For other people named Alfred Ross, see Alfred Ross (disambiguation).

Alf Niels Christian Ross (June 10, 1899 – August 17, 1979) was a Danish legal and moral philosopher and scholar of international law. He is best known as one of the leading exponents of Scandinavian Legal Realism.

Born in Copenhagen, Alf Ross graduated from high school in 1917. He studied law, graduating in 1922. He consequently worked in a barrister’s office. In 1923, he commenced a study tour, which would last for two and a half years, visiting France, England and Austria. He spent 1928–1929 in Uppsala, receiving a degree in philosophy in 1929 from the university. In 1935, he was appointed to teach at the University of Copenhagen in Constitutional Law. In 1953, Ross published Om Ret og Retfærdighed (which he would later publish in English, under the title On Law and Justice).

In this book, he states that there is no a priori validity to give the law some special position. Experience serves as a guideline. This means, for example, that the famous dictum ‘suum cuique tribuere’, ‘to give to everyone his own’, has no meaning until it has been determined what actually belongs to someone, which means that this is a matter of begging the question (On Law and Justice, § 64 (p. 276)). His determination not to rely on anything but the facts leads to statements as the following: “The legal rule is neither true nor false; it is a directive.” (On Law and Justice, § 2 (p. 2)). Furthermore, the norm is directed at judges rather than citizens (On Law and Justice, § 7 (p. 33)).
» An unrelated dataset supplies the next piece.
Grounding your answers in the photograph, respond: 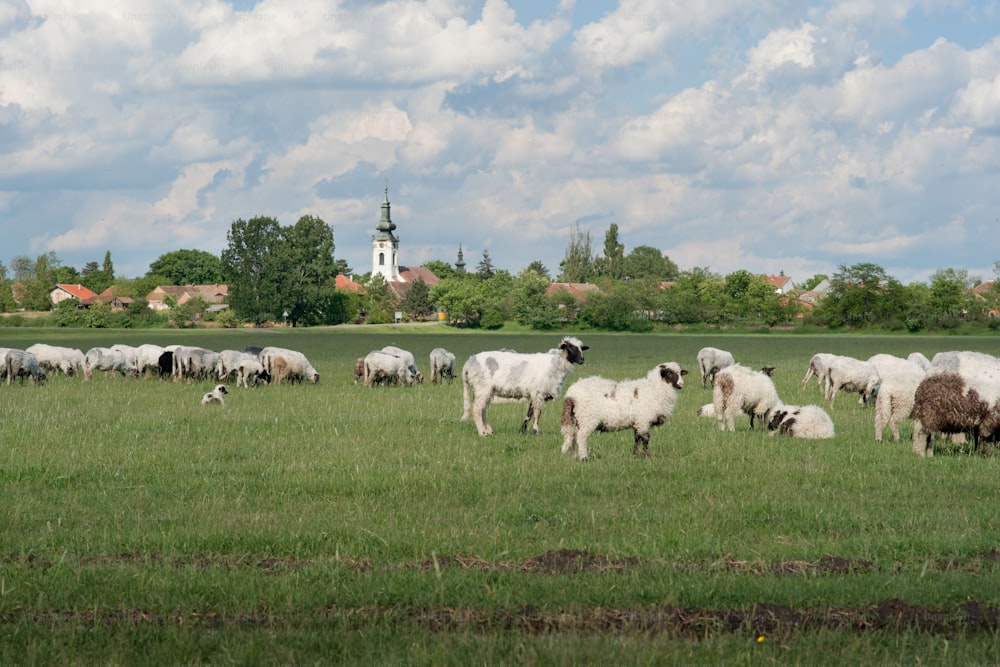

In this line of thought, he opposes natural law-approaches: “Like a harlot, natural law is at the disposal of everyone. The ideology does not exist that cannot be defended by an appeal to the law of nature. And, indeed, how can it be otherwise, since the ultimate basis for every natural right lies in a private direct insight, an evident contemplation, an intuition. Cannot my intuition be just as good as yours? Evidence as a criterion of truth explains the utterly arbitrary character of the metaphysical assertions. It raises them up above any force of inter-subjective control and opens the door wide to unrestricted invention and dogmatics.” (On Law and Justice, § 58 (p. 261).)